▶ _Records supplied_:
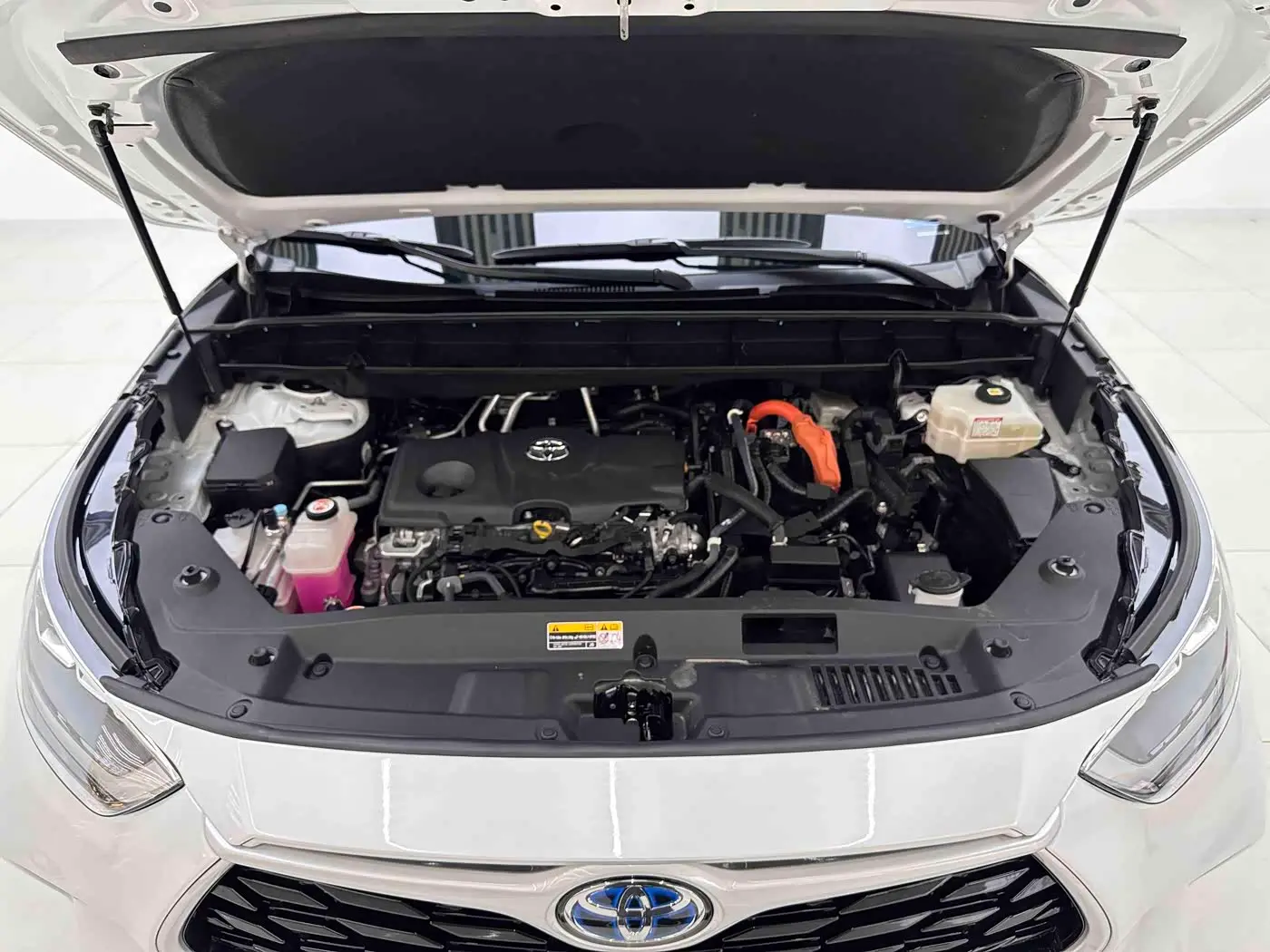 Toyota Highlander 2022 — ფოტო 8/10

* * *

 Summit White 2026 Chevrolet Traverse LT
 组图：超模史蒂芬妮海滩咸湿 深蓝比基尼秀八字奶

▶ _Directions_:
Transcribe the records above exactly, beginning at the line that contains "Summit White 2026 Chevrolet Traverse LT" and ending with the line that contains "组图：超模史蒂芬妮海滩咸湿 深蓝比基尼秀八字奶", both included, and nothing else.

▶ _Completed exercise_:
 Summit White 2026 Chevrolet Traverse LT
 组图：超模史蒂芬妮海滩咸湿 深蓝比基尼秀八字奶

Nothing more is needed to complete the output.